• Records supplied:
——————————
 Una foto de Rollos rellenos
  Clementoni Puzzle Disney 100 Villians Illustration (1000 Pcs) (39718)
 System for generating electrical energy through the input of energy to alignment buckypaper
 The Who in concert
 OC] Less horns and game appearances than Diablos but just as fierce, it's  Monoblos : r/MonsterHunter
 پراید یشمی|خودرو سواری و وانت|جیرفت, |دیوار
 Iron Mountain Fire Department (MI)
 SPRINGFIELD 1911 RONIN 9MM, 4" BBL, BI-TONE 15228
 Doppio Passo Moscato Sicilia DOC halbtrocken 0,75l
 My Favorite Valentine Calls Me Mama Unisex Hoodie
——————————
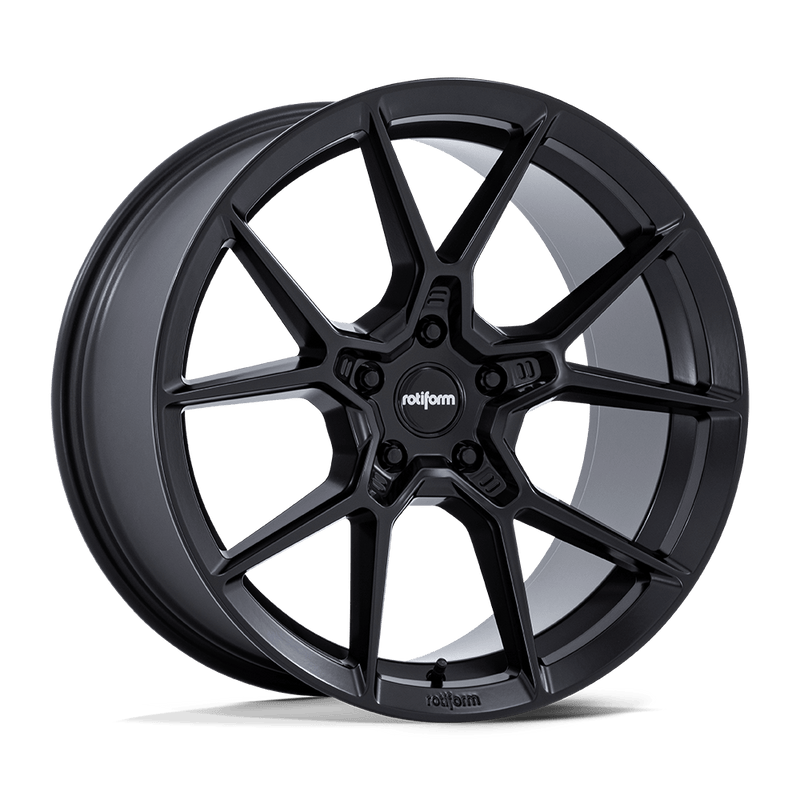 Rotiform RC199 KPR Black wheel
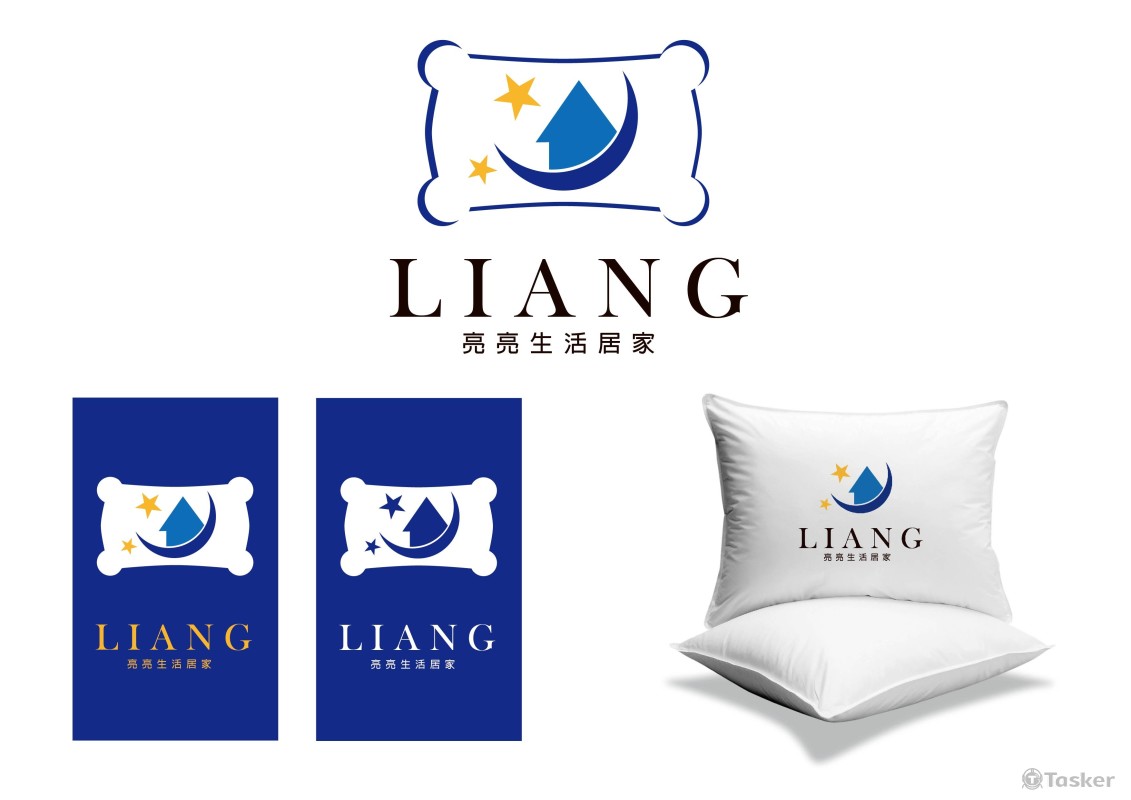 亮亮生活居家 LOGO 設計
——————————
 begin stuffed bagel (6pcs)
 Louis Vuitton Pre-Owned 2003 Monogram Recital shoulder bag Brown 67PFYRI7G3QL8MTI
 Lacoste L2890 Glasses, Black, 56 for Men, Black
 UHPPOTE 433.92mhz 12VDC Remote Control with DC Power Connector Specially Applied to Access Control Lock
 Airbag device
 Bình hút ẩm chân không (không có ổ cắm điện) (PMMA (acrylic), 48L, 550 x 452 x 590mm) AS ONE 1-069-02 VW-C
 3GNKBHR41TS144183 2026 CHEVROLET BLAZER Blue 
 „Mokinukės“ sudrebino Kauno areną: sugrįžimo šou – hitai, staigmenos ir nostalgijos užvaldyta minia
——————————
• The problem:
Given the records above, reproduce precisely and only the lines between the line holding "Lacoste L2890 Glasses, Black, 56" and the line holding "nostalgijos užvaldyta minia", inclusive.

• Exercise response:
 Lacoste L2890 Glasses, Black, 56 for Men, Black
 UHPPOTE 433.92mhz 12VDC Remote Control with DC Power Connector Specially Applied to Access Control Lock
 Airbag device
 Bình hút ẩm chân không (không có ổ cắm điện) (PMMA (acrylic), 48L, 550 x 452 x 590mm) AS ONE 1-069-02 VW-C
 3GNKBHR41TS144183 2026 CHEVROLET BLAZER Blue 
 „Mokinukės“ sudrebino Kauno areną: sugrįžimo šou – hitai, staigmenos ir nostalgijos užvaldyta minia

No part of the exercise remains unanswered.